Bloemfontein has 3 hours of power outage per day.



## ❓ Q2: Use a `while` loop to print cities with Stage >= 3.


In [6]:

i = 0
while i < len(df):
    if df.loc[i, "Stage"] >= 3:
        print(f"{df.loc[i, 'City']} is in Stage {df.loc[i, 'Stage']}")
    i += 1


Joburg is in Stage 3
Pretoria is in Stage 4



## ❓ Q3: Calculate economic loss per city using a `for` loop

Assume each stage costs **R50 per person per day**.


In [7]:

for i in range(len(df)):
    stage = df.loc[i, "Stage"]
    population = df.loc[i, "Population"]
    city = df.loc[i, "City"]
    cost = stage * 50 * population
    print(f"Estimated economic loss in {city}: R{cost:,}")
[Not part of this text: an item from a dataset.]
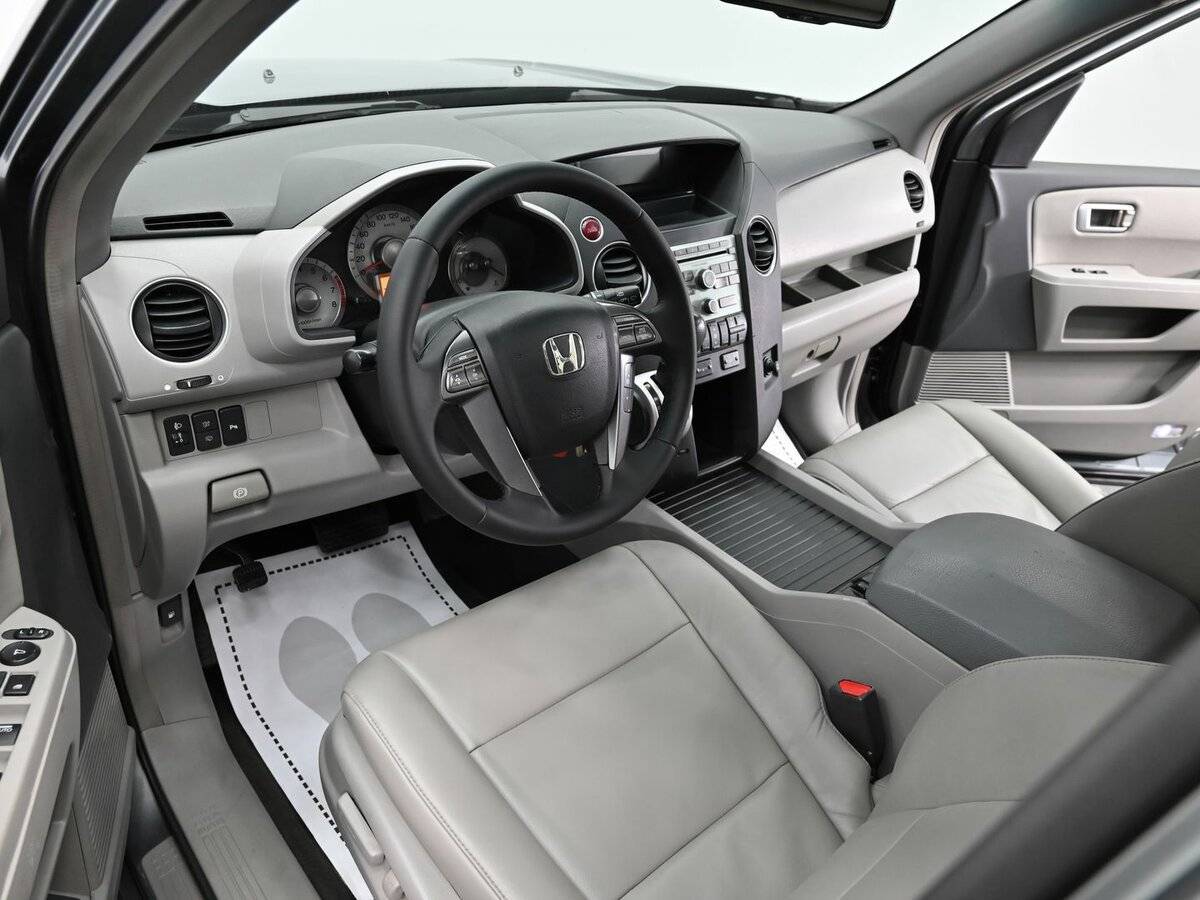 Купить Honda Pilot с пробегом. Фото: #7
Estimated economic loss in Cape Town: R43,368,800
Estimated economic loss in Joburg: R143,616,150
Estimated economic loss in Durban: R29,753,050
Estimated economic loss in Pretoria: R148,330,200
Estimated economic loss in Bloemfontein: R25,618,500



## ❓ Q4: Use a `while` loop to find the city with the highest stage.


In [8]:

i = 0
max_stage = -1
max_city = ""

while i < len(df):
    if df.loc[i, "Stage"] > max_stage:
        max_stage = df.loc[i, "Stage"]
        max_city = df.loc[i, "City"]
    i += 1

print(f"The city with the highest load shedding stage is {max_city} (Stage {max_stage})")
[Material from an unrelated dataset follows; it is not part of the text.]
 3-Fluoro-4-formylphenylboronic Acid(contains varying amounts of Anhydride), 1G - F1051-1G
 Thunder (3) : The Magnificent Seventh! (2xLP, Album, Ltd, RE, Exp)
The city with the highest load shedding stage is Pretoria (Stage 4)


## ❓ Q5: Calculate average hours off per city for Stage >= 2


In [9]:
total_hours = 0
count = 0

for i in range(len(df)):
    if df.loc[i, "Stage"] >= 2:
        total_hours += df.loc[i, "Hours_Off_Per_Day"]
        count += 1

if count > 0:
    print("Average hours off (Stage >= 2):", total_hours / count)

Average hours off (Stage >= 2): 5.25


## ❓ Q6: Count how many cities are in each stage

In [10]:
stage_counts = {}

for i in range(len(df)):
    stage = df.loc[i, "Stage"]
    stage_counts[stage] = stage_counts.get(stage, 0) + 1

print("City count per stage:", stage_counts)

City count per stage: {np.int64(2): 2, np.int64(3): 1, np.int64(1): 1, np.int64(4): 1}